Der Sonnensturm, eine magnetische Störung der sogenannten Magnetosphäre eines Planeten, begann mit einer Sonneneruption am vergangenen Sonntag. Dabei wurde Plasma ausgestoßen und mit einer Geschwindigkeit von 6,4 Millionen Kilometern pro Stunde ins Weltall geschleudert. Weitere Sonneneruptionen ereigneten sich in der Nacht zum Mittwoch und lösten einen besonders heftigen Sonnensturm aus. Die NASA ordnete ihn auf ihrer fünfstufigen Skala bei Stärke drei ein. Allein die Sonneneruptionen hätten auf der Erde bereits zu kurzen Ausfällen im Hochfrequenzfunk geführt, teilte die NOAA mit.

Es sei vermutlich der größte Sonnensturm, der seit Dezember 2006 auf die Erde treffe, sagte NOAA-Experte Joseph Kunches. Da die Sonnenaktivität anhalte, könnten in den kommenden Tagen weitere Sonnenstürme die Erde treffen.
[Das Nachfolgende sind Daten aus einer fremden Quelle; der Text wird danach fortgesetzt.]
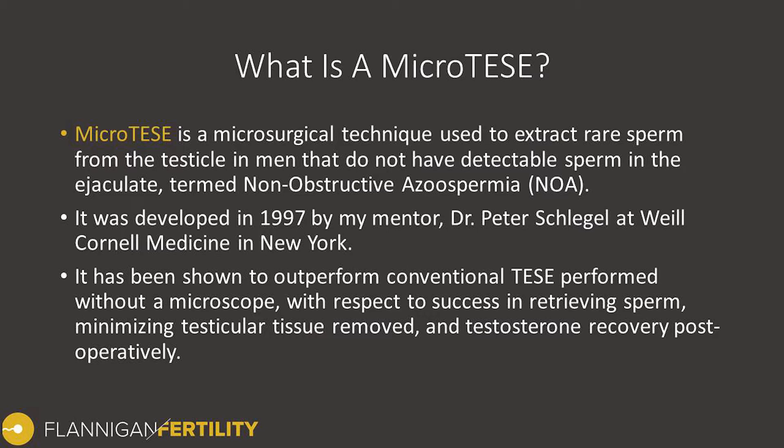Since that time, it's been shown to outperform the conventional TESE procedure, which is a testicular biopsy performed without a microscope. This is with respect to the success in retrieving sperm, as well as minimizing testicular tissue that's removed, and testosterone recovery following the operation.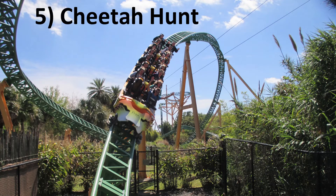Number 5: Cheetah Hunt at Busch Gardens Tampa. Narrowly making the top 5 is this Intamin multi-launch coaster. Cheetah Hunt may not be as forceful as some of the other Intamin coasters out there, but it has several airtime hills and a wonderful setting that makes you feel deep within the jungle.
Fluggesellschaften hätten bereits reagiert und Flugrouten über die Erdpole umgeleitet, sagte Kunches. In Zentralasien könnten in der Nacht zum Freitag Polarlichter zu sehen sein.
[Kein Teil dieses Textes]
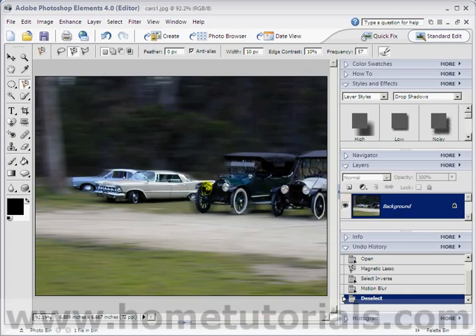So there's motion blur for you. A lot of times you'll see like a couple in a park and they're kissing and the whole world is just blurring by — kind of like that. But I had no picture of people in a park kissing, so I had to do the cars. Anyway, there you go. I hope you find a wonderful photo to use motion blur on.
Neben möglichen Störungen von Satelliten und Funkverkehr auf der Erde warnte die NASA auch vor Folgen für die Besatzung der internationalen Raumstation ISS. Derzeit gebe es indes keinen Anlass zur Sorge um die Sicherheit der sechs Astronauten an Bord der ISS, sagte NASA-Sprecher Mike Curie.

Die Sonne bewegt sich derzeit auf das Aktivitäts-Maximum in ihrem elfjährigen Zyklus zu. Der Höhepunkt der Sonnenaktivität wird nach Angaben der NASA für 2013 erwartet. Experten befürchten, dass es dadurch verstärkt zu Störungen im Alltag kommen könne, da mittlerweile Satelliten und Navigationssysteme viel stärker verwendet werden als früher. Grundsätzlich wird die Erde aber durch ihr starkes Magnetfeld vor den Auswirkungen geschützt.
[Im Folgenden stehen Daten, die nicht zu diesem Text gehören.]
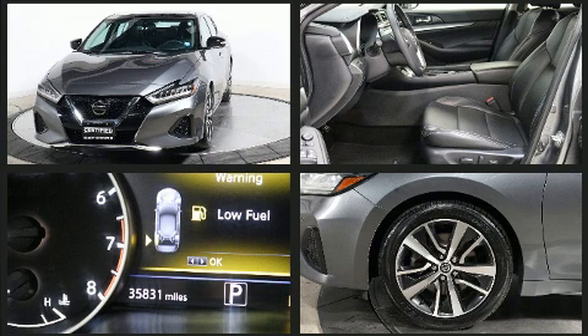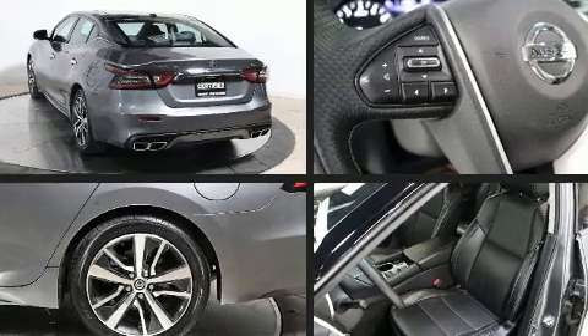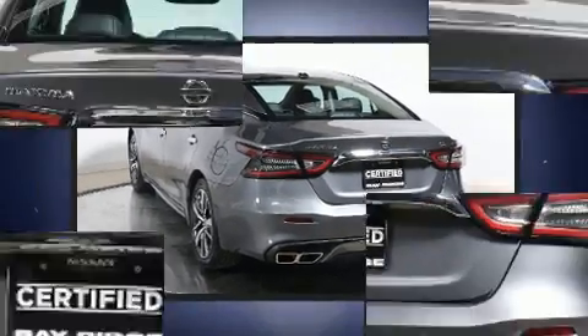Nissan infused the interior with top shelf amenities such as a tachometer, a built-in garage door transmitter, a power seat, heated seats, and a blind spot monitoring system.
Schon früher beeinflussten Sonneneruptionen und die folgenden magnetischen Stürme das Leben auf der Erde. Die erste größere Sonneneruption wurde 1859 vom britischen Forscher Richard Carrington entdeckt. Die NASA berichtete von Störungen des Telefonnetzes in Bundesstaat Illinois durch einen Sonnensturm 1972 und von Stromausfällen in der kanadischen Provinz Québec 1989.